The test requirements were created per application. They detailed what should be tested - whatever the specification maker had come up with. As the Way-Testing-Must-Be-Done stated, we carefully linked each test case to requirement, and for a lot of the requirements, there were several test cases. Huge effort.
On the side, we did a little exercise regrouping the requirements on a list that was formatted towards the overall change and risks related to that in particular ways. Just for fun, we traced our tests to this list too. Previously we had 100 % coverage as the Way-Testing-Must-Be-Done required us. From this point of view, the coverage measure was 13 %. We did not add more test cases.
Eventually, we tested. We run out of schedule with less than half of planned tests executed, and had to pass on the software anyway. It was tested by yet another group, with very little problems to note. No complaints in production (they still might not know it's not working...) The unfortunate part was that our group wasn't doing too well results-wise in our testing, we found only a handful of problems.
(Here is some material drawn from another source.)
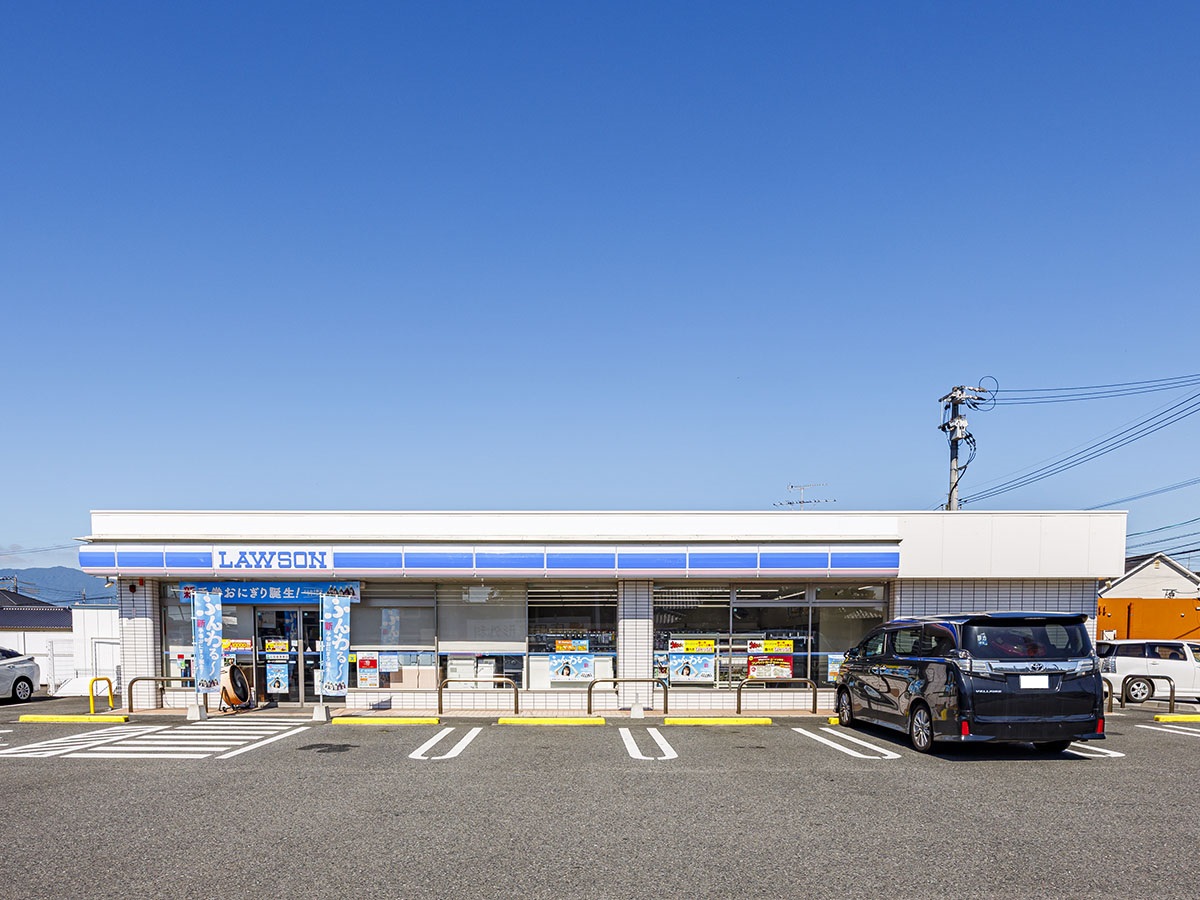 ローソン飯塚楽市店まで約500m～580m（徒歩7分～8分）　コンビニが近くにあると気軽に寄れて嬉しいですね。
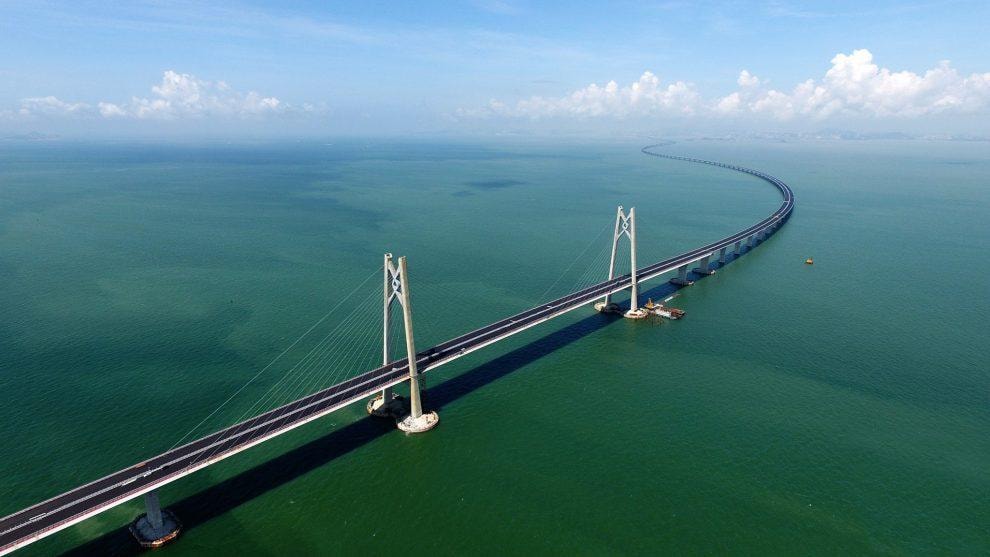 imagem-de-ponte-hong-kong-zhuhai-macau-xinhua-reproduzida-de-china2brazil_1780390764.jpg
I've written down some metrics during the project. The size of the overall effort was about 5 man-years, and 16,7 % of it was reserved for testing. We logged 5 bugs. A big part of the testing was talking to people, 75 people listed if you wanted to talk to all that were significantly involved in making it happen.
In my past projects on a completely different sector (software products), this testing would have been considered quite much of a failure. Documentation was expensive, it did not help us in the future, and it did not help us finding problems (there weren't much) and making sure we would have tested before passing it on in the chain.
Lessons I actively took from this:
- I will not compromise my beliefs in what makes good testing for the Way-Testing-Must-Be-Done without a good discussion again
- Requiring and managing traceability isn't providing much value this way - we can use the requirements (some of them at least) as session charters instead of creating more useless documentation. I knew it before, now I know how much it took in effort with little value provided.
- The traceability concept we were using missed an essential part: the level of quality committed developers could produce without support from a traditional testing group in testing of their own and ways of building the software to avoid some of the problems.
In my current projects, I guide contractors from customer side. Traceability is the magical proof that the contractor did what the customer required, and that sending extra invoice on anything unclear is allowed. I'd prefer cheaper ways of doing that, and getting a system to production that serves at least a significant part of the expectations that were included in setting up the project. I don't want full coverage. It's way too expensive. And when the cost is needed, I'd prefer responsible ways of covering risks instead of the requirements.